Da, möchten die »Kulturschaffenden« glauben machen, wird ein »Volk« ausgelöscht, dort droht jenen unter allerdings eher theoretischen Umständen, wie etwa die documenta fifteen demonstrierte, der Entzug oder die Verweigerung staatlicher Unterstützung, also wohl echtes Leid. Da wird, behauptet die Menschenrechtsorganisation Hamas, verhungert, dort sollen staatliche Zuwendungen von einem Bekenntnis gegen Judenhaß abhängig sein.

Ob dieser Ungerechtigkeiten fällt es schwer zu sagen, wessen Leid größer ist. Was indes ausgerechnet Annie Ernaux bewogen haben mag, den Aufruf gegen das »israelfreundliche« Deutschland zu unterschreiben, muß ihr Geheimnis bleiben. Während Frankreich 2022 die UNRWA mit knapp 29 Millionen Euro unterstützte, spendierte das »israelfreundliche« Deutschland dem UN-»Hilfswerk für Palästina-Flüchtlinge« über 200 Millionen. Strike France.

Stolpergefahr

Zum antisemitischen Wahn, da er auf »Wahrheiten« basiert, die keine sind, gehört die dreiste Lüge, an der selbst dann noch festgehalten wird, wenn sie durch die Realität entlarvt wurde. Mit einem Beitrag in der französischen Tageszeitung Le Monde demonstrierte Josep Borrell Fontelles, der Hohe Außenbeauftragte der Europäischen Union, jetzt einmal mehr, weshalb er in Israel ungefähr so willkommen ist wie eine Rakete der Hamas.

In dem Beitrag, in dem er immerhin noch in ein paar floskelhaften Nebensätzen andeutet, weshalb Israel einen Krieg gegen die islamistische Terrororganisation Hamas führt, erklärt er, daß nun allerdings die Verhinderung einer »weiteren faktischen Vertreibung aus Gaza« oberste Priorität haben müsse, es seien schon 80 Prozent der Menschen in Gaza »Binnenflüchtlinge«, es müsse verhindert werden, daß sie noch weiter vertrieben würden.
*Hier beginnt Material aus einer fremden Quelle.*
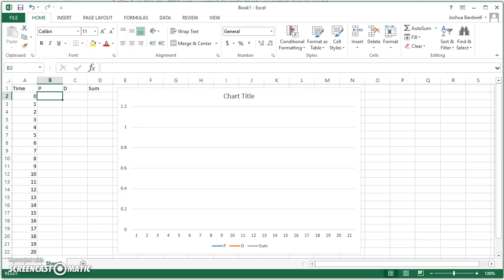I've got an Excel spreadsheet here where I'm going to try and represent what the P and the D term do and hopefully make it a little easier for people to understand.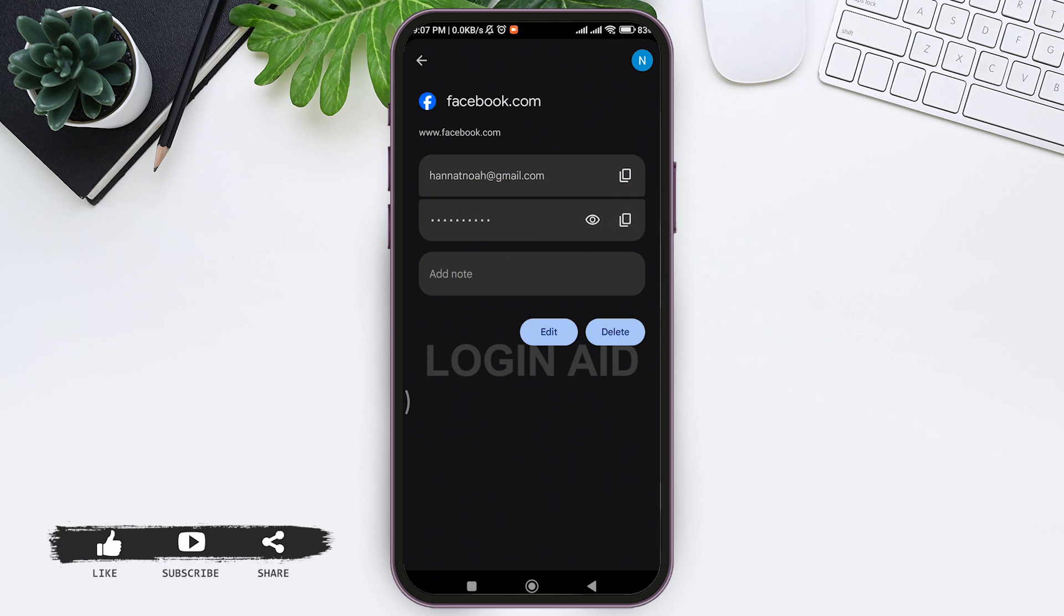This is how we can check current password on Facebook. This is it for the tutorial everyone. Hope this tutorial was helpful to you all. If you like today's tutorial, make sure you like, share, and subscribe to our YouTube channel for more tutorials like this. Thank you for watching.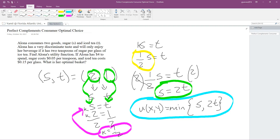Alona has $4 to spend. Sugar costs $0.05 per teaspoon and iced tea costs $0.15 per glass. What is her optimal basket? Let's find that out.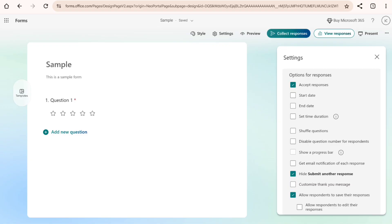Get email notification of each response which will allow them to get informed of their response for each question, and customize a thank you message so that once they submit the form, they'll be able to find a customized thank you message at the end. So that's basically how you can limit responses in Microsoft Forms.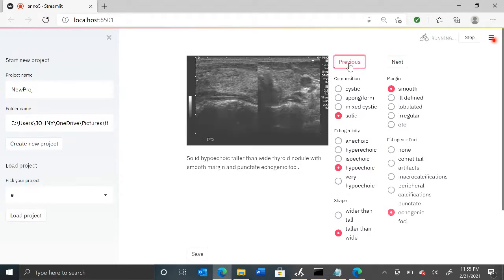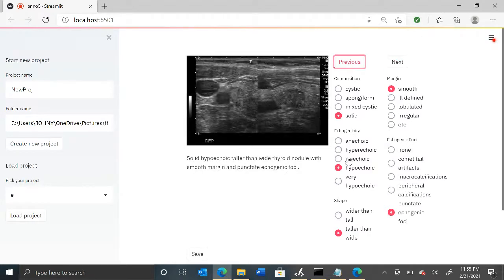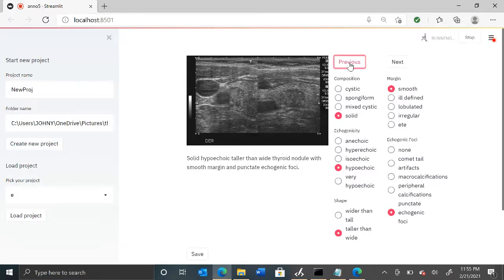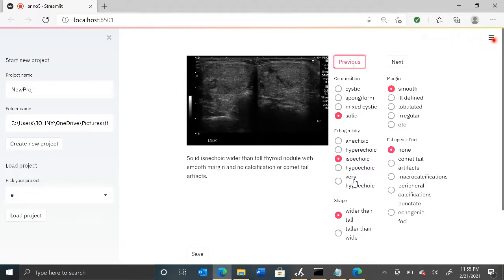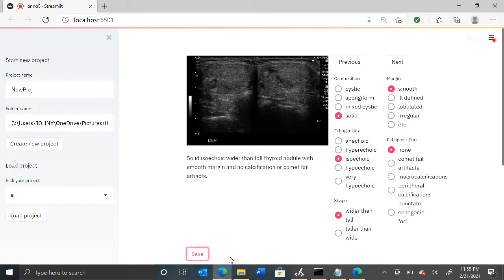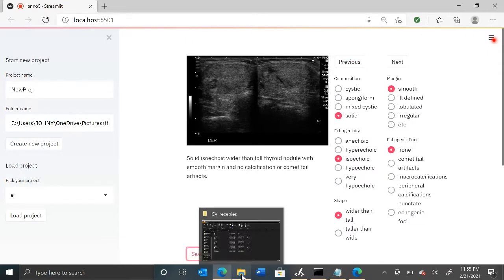Let's see if we go back whether we can pick up the previous annotations. Yeah, it came back as hypoechoic, taller than wider. The first one was wider than tall — let's go back to that. See, it automatically changed it.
Europa, so fährt der spanische Sozialdemokrat fort, könne nicht in der Ukraine die Einhaltung von Völkerrecht fordern und in Gaza darauf verzichten. Damit wirft Josep Borrell Fontelles Jerusalem neben der Absicht, »Palästinenser« aus Gaza vertreiben zu wollen, recht offen den Bruch von Völkerrecht vor. Beides allerdings sind Unterstellungen, die allein auf dem beruhen, was zwischen den Ohren des EU-»Außenministers« herumspukt.

Der israelische Premierminister hat wiederholt betont, daß Israel weder beabsichtige, Gaza dauerhaft zu besetzen noch dessen Bevölkerung zu vertreiben. Selbst Vorschläge israelischer Koalitionspolitiker, die Ausreise von »Palästinensern« aus Gaza finanziell zu unterstützen, wies der israelische Regierungschef zurück. Und dennoch deliriert Josep Borrell Fontelles weiter von einer »Vertreibung« von »Palästinensern« aus Gaza.

Nach den Statuten der UNRWA, des berüchtigten »Hilfswerks der Vereinten Nationen für Palästina-Flüchtlinge im Nahen Osten«, besteht Bevölkerung Gaza übrigens ohnehin zu weit über 70 Prozent aus »Flüchtlingen«. An ihrem Status würden eine »Vertreibung« oder Unterstützung bei der freiwilligen Ausreise gar nicht so viel ändern. Derweil könnten sie danach von einem womöglich höheren Lebensstandard im Zielland profitieren.

Mit seiner »Priorität« entlarvt Josep Borrell Fontelles nicht nur sich selbst erneut, er stellt – ohne es zu bemerken – tatsächlich die durch sein Europa großzügig unterstützte UNRWA und ihre irre »Flüchtlings«-Definition bloß. Danach sind knapp 8 von 10 »Palästinensern« in Gaza nämlich ohnehin »Flüchtlinge«. Gaza ist für sie keine »Heimat«, denn in die sollen sie ja »zurückkehren«, wie das »Recht auf Rückkehr« der UNRWA behauptet.

Das UN-»Hilfswerk« selbst erklärt, dieses »Recht auf Rückkehr« werde in der »Resolution 194 der Vollversammlung der Vereinten Nationen« definiert, sein Auftrag sei es, »bis zur Umsetzung dieser Resolution Hilfe zu leisten«. Josep Borrell Fontelles hatte an dieser antisemitischen Mission bisher nichts auszusetzen. Dieser Auftrag des UN-»Flüchtlingswerks« ist es freilich, der ihn und seine nicht minder antisemitische Lüge erst richtig blamiert.